Muitos autores costumam considerar a escravidão norte-americana como a mais cruel que a América registrou. É extremamente difícil fazer uma comparação de ordem moral (melhor/pior) entre as formas que a escravidão africana conheceu na América. O historiador norte-americano Frank Tannenbaum diz que a escravidão em áreas anglo-saxônicas fez parte de um mundo moderno, com relações sociais individualistas e um sistema jurídico baseado nas leis anglo-saxônicas. Isso faria do escravo mais um objeto do que um ser humano. O escravo negro em zona ibérica faria parte de uma sociedade paternalista e fundamentada no Direito Romano, o que o tornaria um elemento da base da sociedade, mais ainda assim um ser humano. O quanto essas diferenças de fato foram sentidas pelos escravos e qual o melhor chicote ou o trabalho menos árduo são questões que ainda merecem maiores pesquisas.
Houve historiadores,
especialmente o sulista Ulrich Phillips, que fizeram defesa de uma escravidão
benéfica. A visão foi duramente atacada por historiadores mais críticos como
Herbert Aptheker ou Kenneth Stamp. Na verdade, as posições sobre a escravidão
colonial dialogam sempre com a situação do negro na sociedade norte-americana.
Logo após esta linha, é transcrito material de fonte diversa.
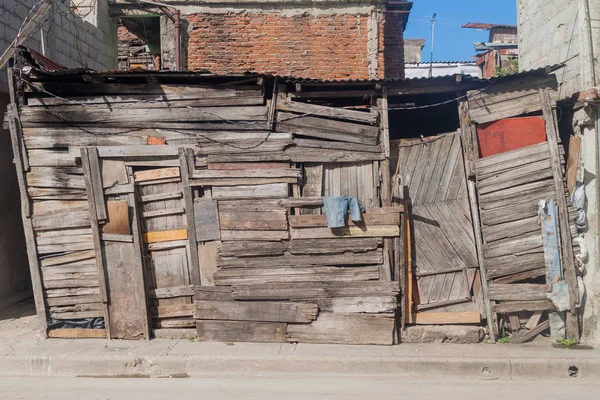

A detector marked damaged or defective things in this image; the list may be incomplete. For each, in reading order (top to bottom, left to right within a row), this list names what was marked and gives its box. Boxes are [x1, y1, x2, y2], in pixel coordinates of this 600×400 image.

broken wooden slat [196, 302, 318, 324]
O que fazia de alguém escravo?
Leis votadas na Virgínia, em 1662, determinavam que a condição de escravo fosse
dada pela mãe. Dessa forma, o filho de pai inglês e mãe africana seria escravo.
Pouco tempo depois, outra questão importante é tratada pela assembléia da
Virgínia, que decide que os escravos batizados permanecem escravos. O
interessante é colocar a hipótese de amos piedosos batizarem seus escravos. A
conversão dos escravos não era, então, obrigatória como nas áreas ibéricas.
Integrar ou não o escravo negro no universo cristão, impor-lhe ou não o batismo
era um ato de piedade que dependia do proprietário.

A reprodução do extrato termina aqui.